I'd think for the 10mm or so you could get away with more current, but I haven't done the math.

[Siwastaja]

2-3A is very typical maximum rating.

This is indeed related to the mating of the socket. The contacts are tiny and do not have much force.

But if you just use short pin header, pins directly soldered on PCB both ends, I see really no problem with 6A. You can easily qualify the heating by a simple test since the uncertainty of the contact resistance is removed.
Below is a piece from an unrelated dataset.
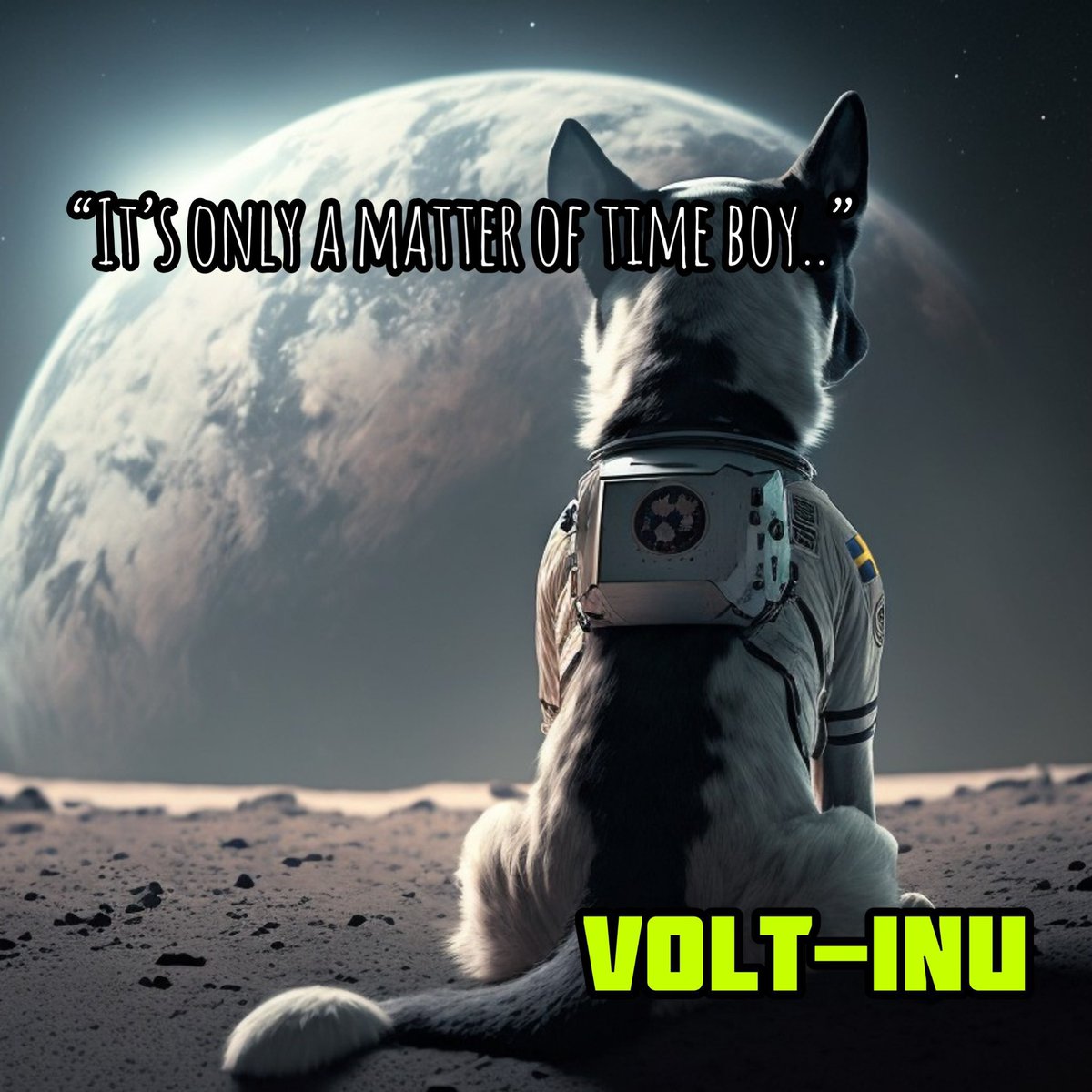 NefteeJ's tweet photo. @cryptoworld202 #VOLTINU #VOLTICHANGE #VOLTISOFT #VOLTIECO #VOLT #Voltiflex #Voltipay #VDSC $VOLT #Memecoin https://t.co/uGuYPEqMIy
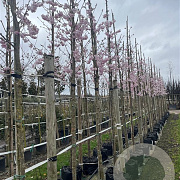 Prunus 'Accolade' 14-16 HO container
There still is a risk that if you buy another brand, they use different alloy with worse electrical conductivity, but if the PCB-PCB separation is just a few millimeters, it's quite far-fetched. The pins are thick, after all, and the PCBs will act as heatsinks. I wouldn't be surprised if you could pull of something ridiculously high like 20-30A, given the PCB tracks can handle this!

[langwadt]

My apologies, i should have made clear that we are not using the socket housing, we will be soldering the pin header at  both ends, as Jeff eelcr kindly alludes.

then it just like a piece of wire, not a header/socket combination

[JustMeHere]

You can always use more than one pin to conduct the power.   You should derate.  If it says 3A then back off 20%. 

[eugene]

Bottom line physics is that the current carrying capacity of a conductor is purely a function of heat dissipation (IR heating due to the resistance of the conductor.) If you can remove the heat, then that pin header can conduct 10000A.

To put it differently, it's about temperature rise. The current ratings of different gauge wire is based entirely on the presumed allowable temperature rise. If the temperature of the pin when conducting 6A is acceptable to you, then the pin can handle 6A.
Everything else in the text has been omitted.